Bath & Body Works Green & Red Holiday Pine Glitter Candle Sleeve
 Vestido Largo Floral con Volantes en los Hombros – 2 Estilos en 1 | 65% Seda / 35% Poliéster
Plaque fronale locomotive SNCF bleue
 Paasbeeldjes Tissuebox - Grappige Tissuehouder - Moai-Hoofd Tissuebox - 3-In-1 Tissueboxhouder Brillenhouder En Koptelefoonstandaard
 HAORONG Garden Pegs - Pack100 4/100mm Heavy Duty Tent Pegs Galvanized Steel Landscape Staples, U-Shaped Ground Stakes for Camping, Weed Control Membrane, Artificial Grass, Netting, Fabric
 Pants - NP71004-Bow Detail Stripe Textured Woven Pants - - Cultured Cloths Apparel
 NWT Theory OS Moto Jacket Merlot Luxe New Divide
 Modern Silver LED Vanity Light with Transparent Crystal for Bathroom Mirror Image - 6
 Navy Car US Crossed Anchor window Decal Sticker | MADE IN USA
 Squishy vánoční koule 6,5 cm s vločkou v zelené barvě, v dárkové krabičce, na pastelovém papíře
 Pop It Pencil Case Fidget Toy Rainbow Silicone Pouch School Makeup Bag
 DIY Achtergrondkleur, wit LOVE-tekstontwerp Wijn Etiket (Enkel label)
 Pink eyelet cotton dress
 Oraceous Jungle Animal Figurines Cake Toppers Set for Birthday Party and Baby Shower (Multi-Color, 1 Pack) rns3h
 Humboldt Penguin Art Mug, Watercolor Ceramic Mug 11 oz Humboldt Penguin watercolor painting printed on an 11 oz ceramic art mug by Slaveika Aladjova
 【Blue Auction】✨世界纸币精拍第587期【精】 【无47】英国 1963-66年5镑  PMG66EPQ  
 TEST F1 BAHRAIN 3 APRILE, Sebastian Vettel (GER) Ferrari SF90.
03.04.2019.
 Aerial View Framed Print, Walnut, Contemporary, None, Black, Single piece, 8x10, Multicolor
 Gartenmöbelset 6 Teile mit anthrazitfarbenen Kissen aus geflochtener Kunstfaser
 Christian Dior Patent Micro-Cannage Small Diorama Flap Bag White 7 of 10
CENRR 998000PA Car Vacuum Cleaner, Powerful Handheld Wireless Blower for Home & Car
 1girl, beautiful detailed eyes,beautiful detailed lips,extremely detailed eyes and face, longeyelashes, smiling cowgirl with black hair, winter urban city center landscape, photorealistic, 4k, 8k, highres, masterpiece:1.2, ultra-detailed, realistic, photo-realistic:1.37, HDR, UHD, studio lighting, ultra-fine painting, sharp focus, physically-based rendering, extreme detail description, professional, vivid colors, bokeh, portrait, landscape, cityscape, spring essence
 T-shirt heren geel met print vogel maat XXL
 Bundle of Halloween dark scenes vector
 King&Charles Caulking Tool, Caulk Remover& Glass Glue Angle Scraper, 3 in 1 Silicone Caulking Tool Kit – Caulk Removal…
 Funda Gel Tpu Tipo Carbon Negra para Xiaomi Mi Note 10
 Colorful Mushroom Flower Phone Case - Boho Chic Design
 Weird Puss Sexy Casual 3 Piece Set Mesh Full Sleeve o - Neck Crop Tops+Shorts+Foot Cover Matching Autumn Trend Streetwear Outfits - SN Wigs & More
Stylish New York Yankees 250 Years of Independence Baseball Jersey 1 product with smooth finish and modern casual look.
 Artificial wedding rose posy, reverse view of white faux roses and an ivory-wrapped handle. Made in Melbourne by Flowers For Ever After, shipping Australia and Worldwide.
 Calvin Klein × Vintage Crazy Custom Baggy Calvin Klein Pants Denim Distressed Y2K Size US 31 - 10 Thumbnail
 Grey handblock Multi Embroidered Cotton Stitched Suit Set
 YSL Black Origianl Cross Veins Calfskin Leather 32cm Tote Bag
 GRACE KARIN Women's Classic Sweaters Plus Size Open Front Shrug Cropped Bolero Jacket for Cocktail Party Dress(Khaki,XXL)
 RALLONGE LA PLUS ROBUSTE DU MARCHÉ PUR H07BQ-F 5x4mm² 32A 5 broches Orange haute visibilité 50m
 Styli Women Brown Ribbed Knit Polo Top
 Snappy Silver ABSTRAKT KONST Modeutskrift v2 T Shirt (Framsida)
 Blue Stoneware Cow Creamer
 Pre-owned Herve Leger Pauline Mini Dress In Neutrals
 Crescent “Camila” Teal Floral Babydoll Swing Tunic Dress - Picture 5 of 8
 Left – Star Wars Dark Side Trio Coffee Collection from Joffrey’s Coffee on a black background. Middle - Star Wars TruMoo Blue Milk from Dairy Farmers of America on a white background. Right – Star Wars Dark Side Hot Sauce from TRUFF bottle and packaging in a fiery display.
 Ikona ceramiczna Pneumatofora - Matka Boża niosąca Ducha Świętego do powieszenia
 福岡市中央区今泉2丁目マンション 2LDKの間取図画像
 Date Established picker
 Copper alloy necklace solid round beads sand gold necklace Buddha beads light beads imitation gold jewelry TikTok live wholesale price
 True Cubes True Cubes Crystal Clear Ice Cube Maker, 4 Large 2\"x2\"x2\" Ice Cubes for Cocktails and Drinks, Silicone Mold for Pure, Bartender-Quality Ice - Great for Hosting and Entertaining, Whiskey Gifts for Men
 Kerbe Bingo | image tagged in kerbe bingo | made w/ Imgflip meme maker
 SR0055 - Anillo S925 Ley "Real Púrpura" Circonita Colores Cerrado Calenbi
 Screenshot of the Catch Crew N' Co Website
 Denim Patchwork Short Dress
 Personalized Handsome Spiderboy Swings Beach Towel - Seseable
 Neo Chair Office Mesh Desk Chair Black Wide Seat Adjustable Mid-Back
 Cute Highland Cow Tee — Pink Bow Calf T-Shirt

######

Please, starting with the first line of the material above, write out each line exactly and finish on the line that includes "Paasbeeldjes Tissuebox - Grappige".

Bath & Body Works Green & Red Holiday Pine Glitter Candle Sleeve
 Vestido Largo Floral con Volantes en los Hombros – 2 Estilos en 1 | 65% Seda / 35% Poliéster
Plaque fronale locomotive SNCF bleue
 Paasbeeldjes Tissuebox - Grappige Tissuehouder - Moai-Hoofd Tissuebox - 3-In-1 Tissueboxhouder Brillenhouder En Koptelefoonstandaard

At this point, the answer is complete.